EXERCISE AIM:
Copy each line of the listing below exactly and drop the images.

DATA SEGMENT:

• • • • •

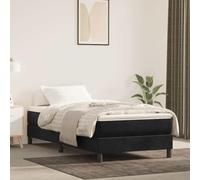 Nebuln Colchón de muelles ensacados medio negro 90 x 200 x 20 cm terciopelo con muelles ensacados y espuma, adecuado para cama individual, somier, dormitorio, habitación de invitados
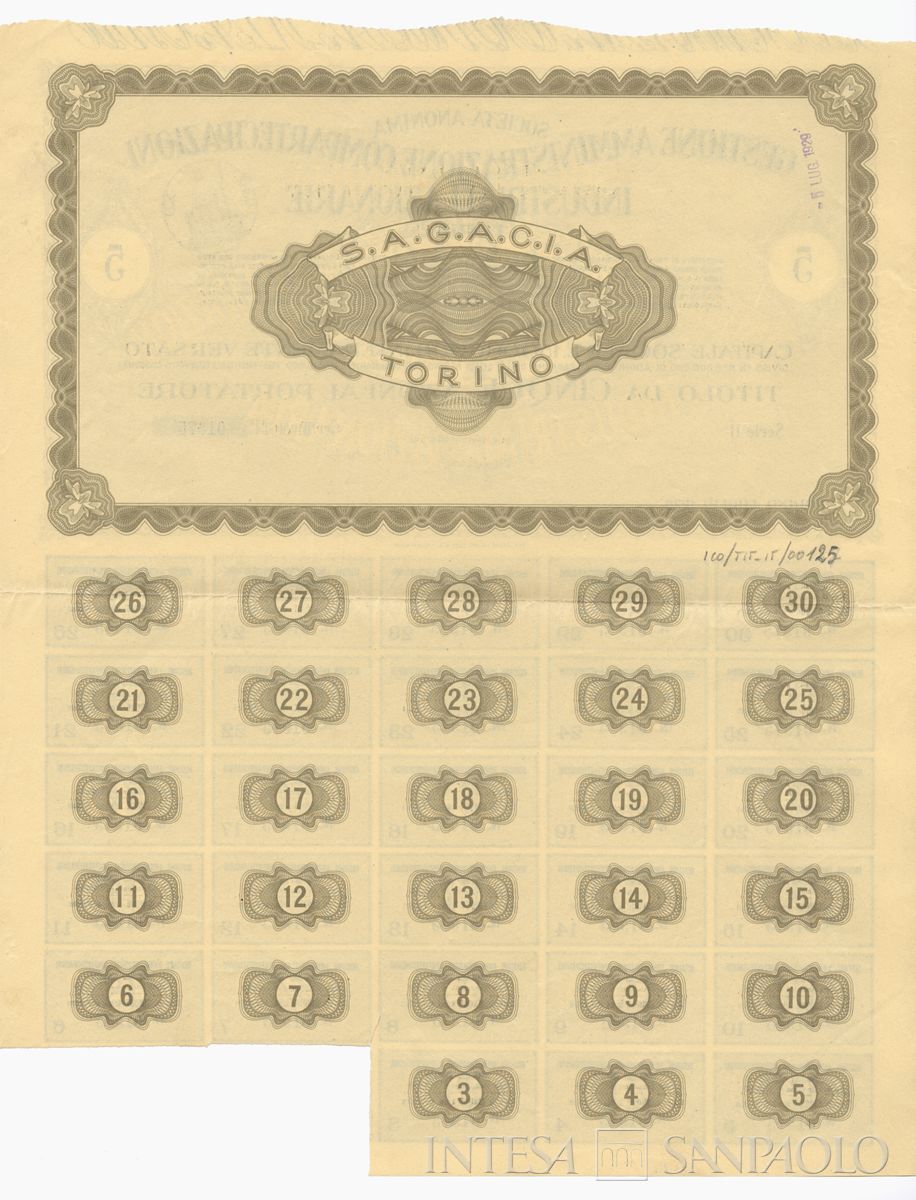 Gestione Amministrazione compartecipazioni industriali azionarie SA SAGACIA, certificati azionari al portatore - verso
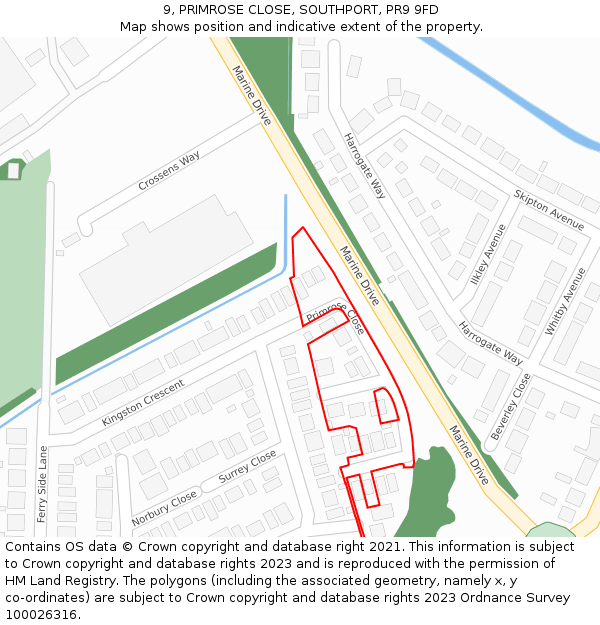 9, PRIMROSE CLOSE, SOUTHPORT, PR9 9FD: Location map and indicative extent of plot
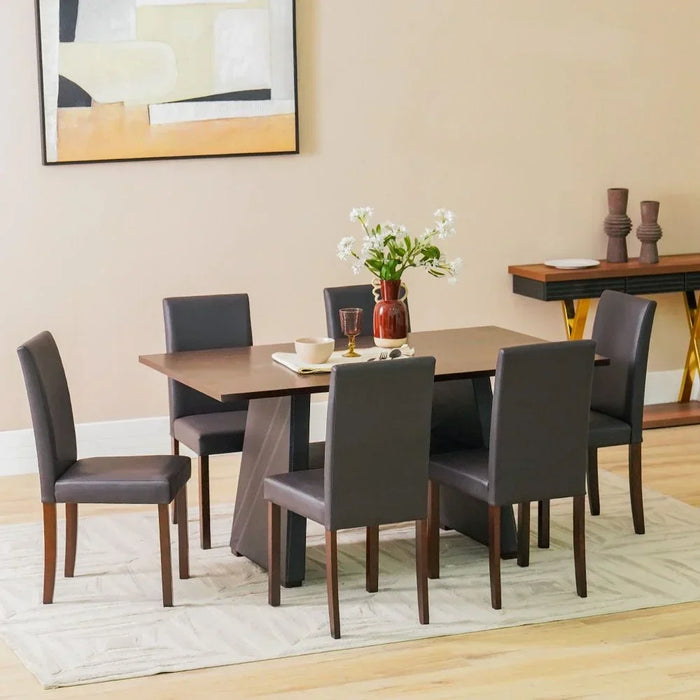 Parson 7 Pieces Rectangular Dining Set Modern Design 6 Seater Comfortable Chairs And 1 Adjustable Table Cappuccino 150x90x75.5cm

• • • • •

EXERCISE SOLUTION:
 Nebuln Colchón de muelles ensacados medio negro 90 x 200 x 20 cm terciopelo con muelles ensacados y espuma, adecuado para cama individual, somier, dormitorio, habitación de invitados
 Gestione Amministrazione compartecipazioni industriali azionarie SA SAGACIA, certificati azionari al portatore - verso
 9, PRIMROSE CLOSE, SOUTHPORT, PR9 9FD: Location map and indicative extent of plot
 Parson 7 Pieces Rectangular Dining Set Modern Design 6 Seater Comfortable Chairs And 1 Adjustable Table Cappuccino 150x90x75.5cm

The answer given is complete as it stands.